Rail bosses face criminal proceedings over train crash that killed pensioner
Margaret Masson, from Glasgow, died from multiple injuries after the Virgin train derailed on the West Coast Main Line near Grayrigg.
Criminal proceedings have been launched against Network Rail over a train crash that killed an elderly woman.
Margaret Masson, 84, from Glasgow, died from multiple injuries after the Virgin Pendolino London to Glasgow express train derailed on the West Coast Main Line near the Cumbrian village of Grayrigg.
Another 86 passengers were injured in the crash in February 2007 after the train had gone over an "unsafe" set of points, according to the Rail Accident Investigation Branch.
On Friday, the Office of Rail Regulation said it had started criminal proceedings against Network Rail for a breach of health and safety law that caused the Grayrigg crash.

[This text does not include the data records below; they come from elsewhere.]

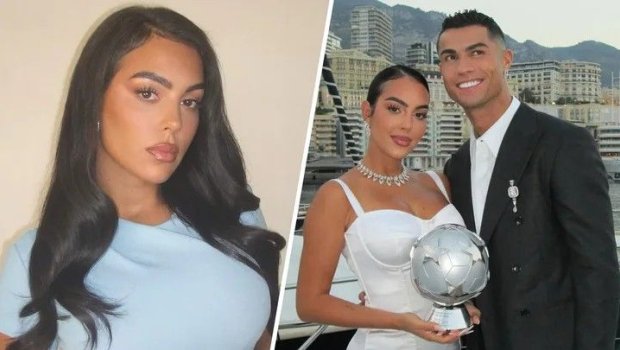 Ronaldonun həyat yoldaşı Sevgililər Günündə yeni evini nümayiş etdirdi - VİDEO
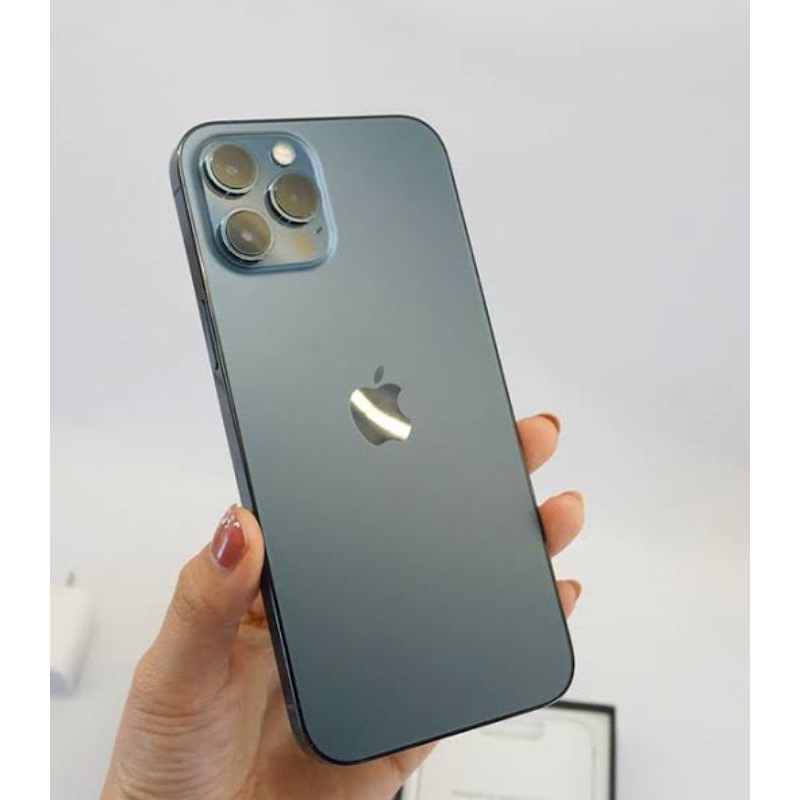Ip 12promax second 512GB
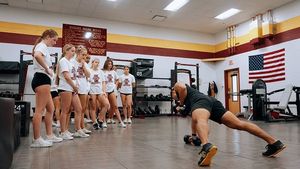 Image post by @ck_training_ on Instagram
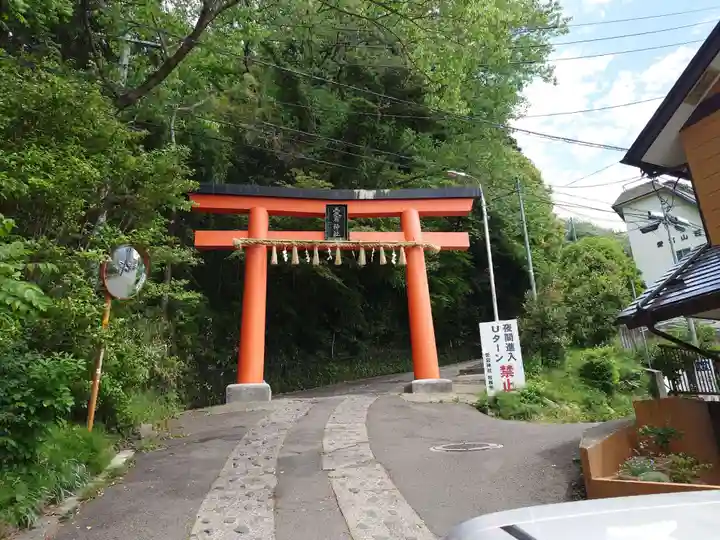 愛宕神社(宮城県)
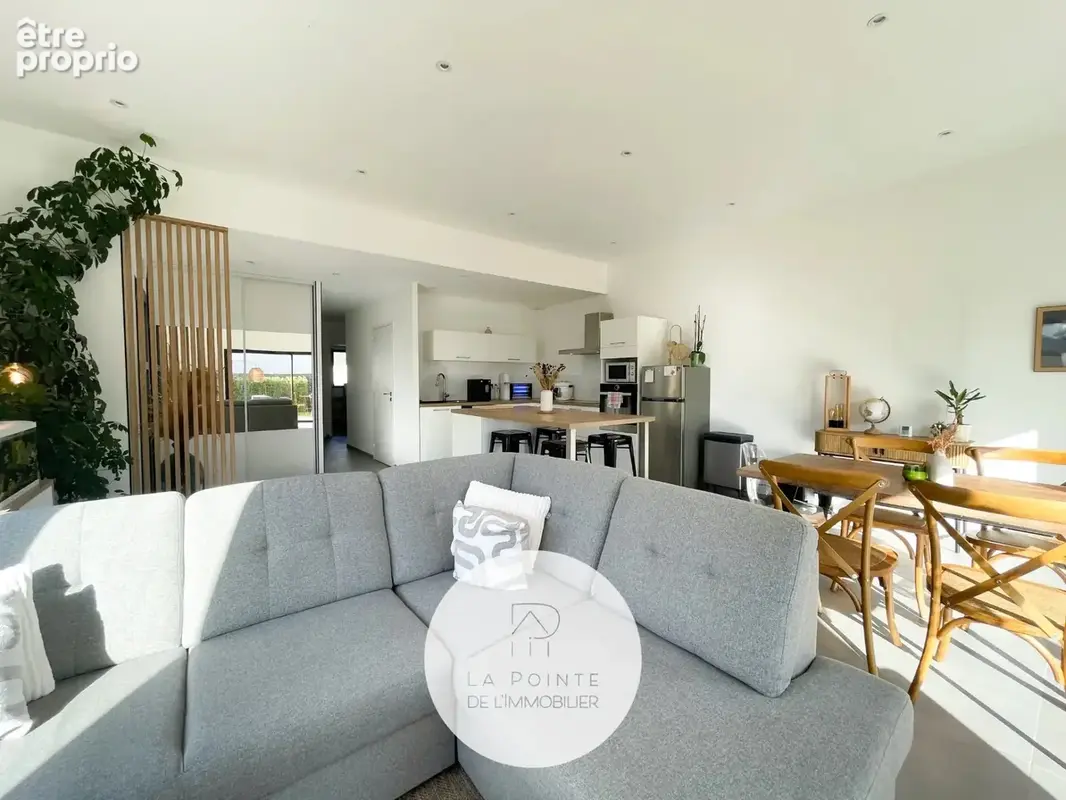 Maison de plain-pied 82 m² de 2023 - photo 2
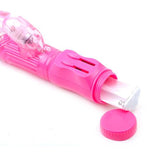 Basic Pink Rabbit Vibrator - Eroticon Ltd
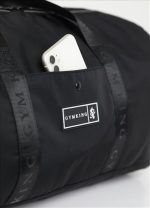 GYM KING WEBBED TONAL GYM BAG - Image 6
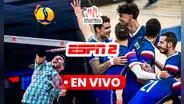 Argentina vs. Francia EN VIVO: conoce el resultado del partido de la VNL 2024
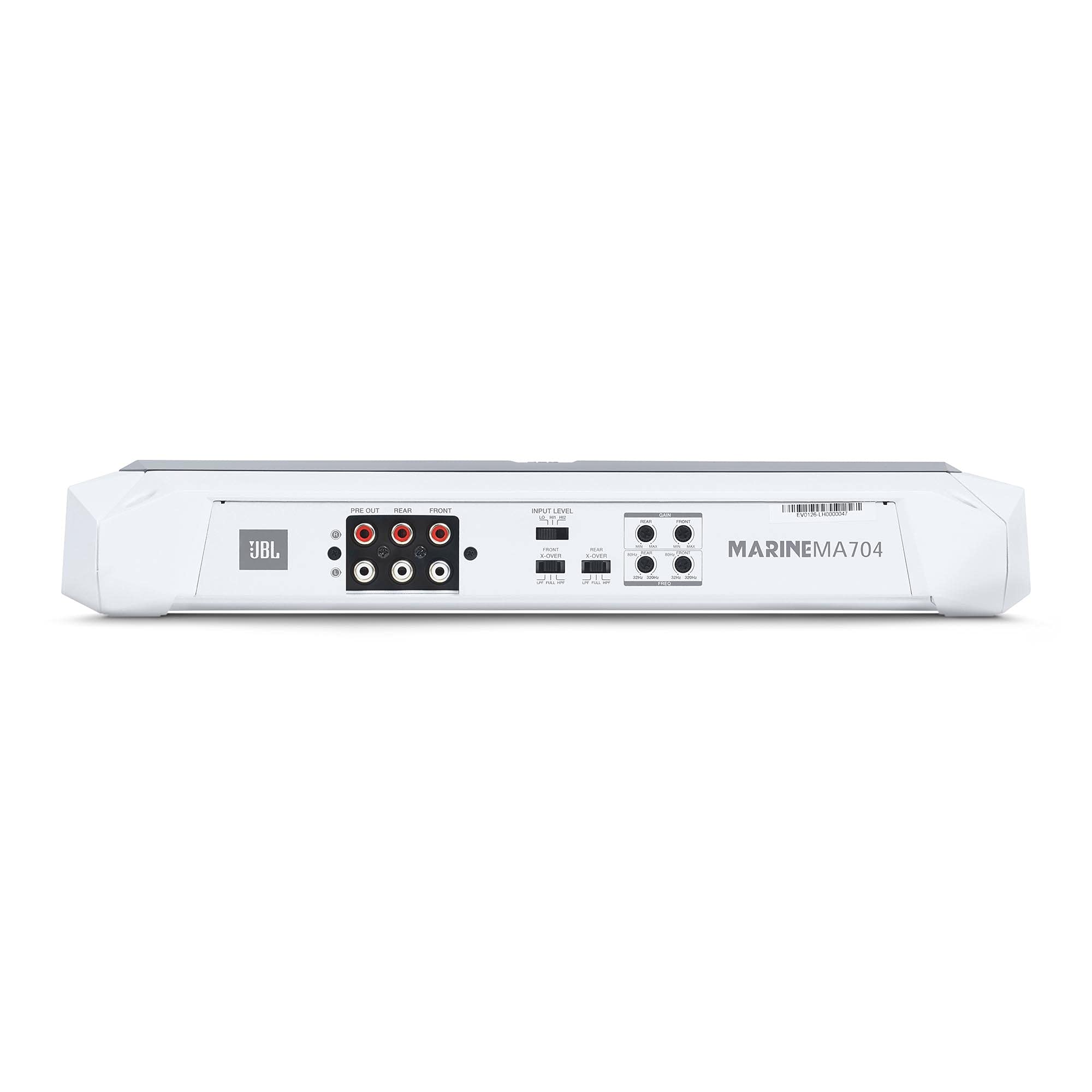 Foto 3 | Amplificador Jbl 4 Canales 100w X 2 @ 4 Ohmios Full-range Marine - Venta Internacional.
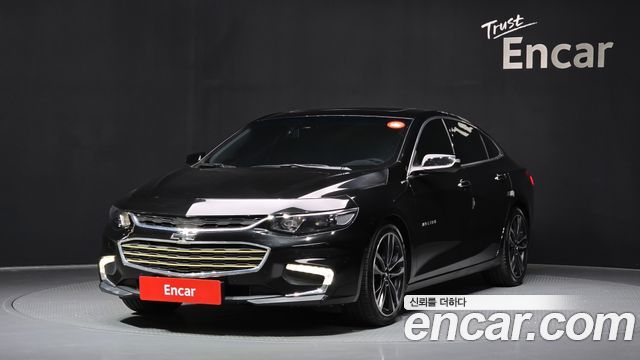 Chevrolet Malibu 2017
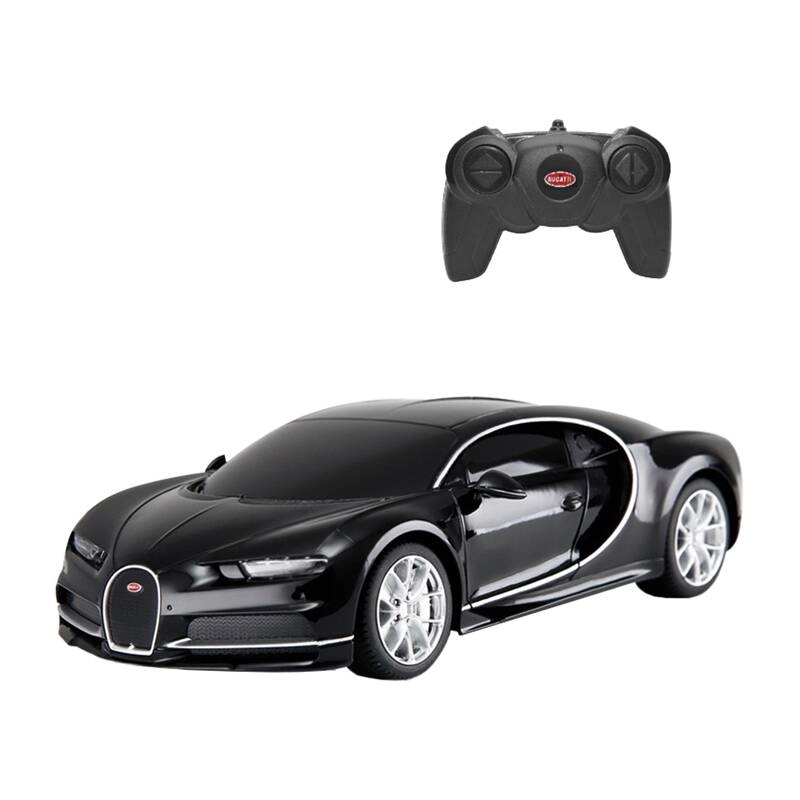 Dálkově ovládané auto Bugatti Chiron od RASTAR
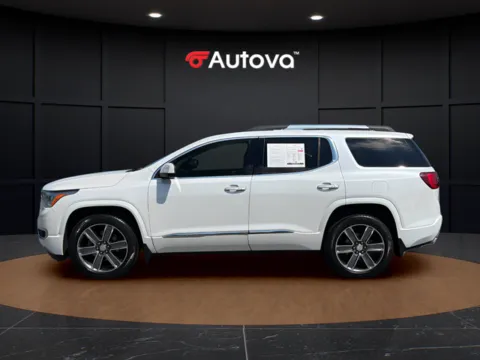 Photos of 2017 GMC Acadia Denali for sale in Madison Heights, VA at Autova - Madison Heights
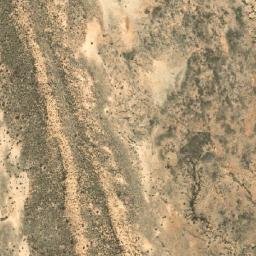 Satellite imagery of Mooshas Hill, AU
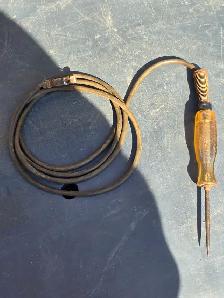 Snap On Tools 12V Test Light Corded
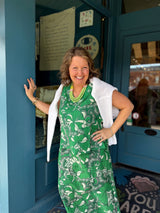 Molly Emerald Top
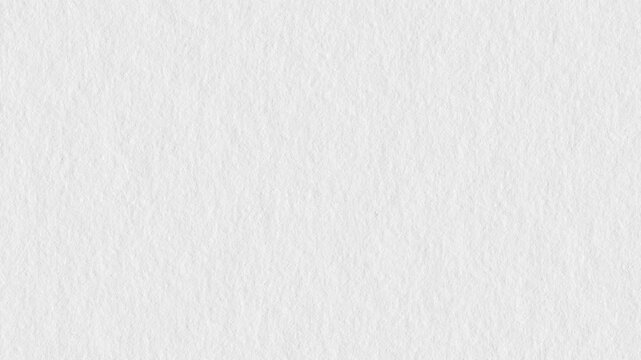 White watercolor paper texture animation. Abstract rough cold press grain background for artistic video overlay and motion graphics.Stop motion animation 4k
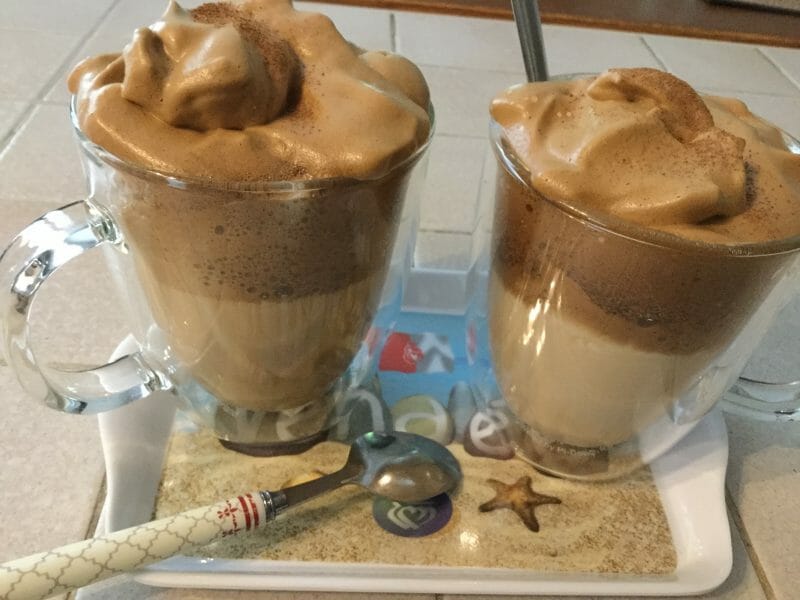 Cliquez pour zoomer ! Cappuccino Thermomix par chocolatitine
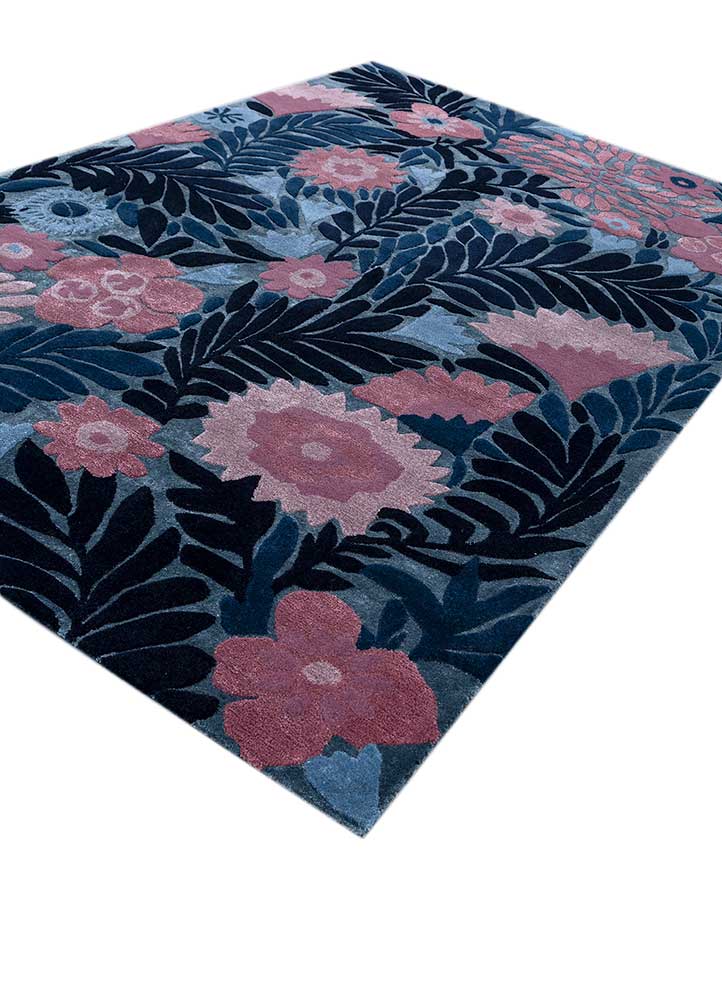 Alfombra de lana 270x180cm - Alfombra de lana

Earlier investigations as well as last year's inquest into the death of Mrs Masson concluded that the derailment was caused by a poorly maintained set of points.
Rail regulators confirmed the opening of proceedings and stated: "This results from the company's failure to provide and implement suitable and sufficient standards, procedures, guidance, training, tools and resources for the inspection and maintenance of fixed stretcher bar points."
Stretcher bars hold the moveable rails a set distance apart when the points are operated.
The Office of Rail Regulation safety director Ian Prosser said: "We have conducted a thorough investigation into whether criminal proceedings should be brought in relation to this derailment which caused the death of Mrs Masson and injured 86 people.
"Following the coroner's inquest into the death of Mrs Masson, I have concluded that there is enough evidence, and that it is in the public interest, to bring criminal proceedings against NR for a serious breach of health and safety law which led to the train derailment."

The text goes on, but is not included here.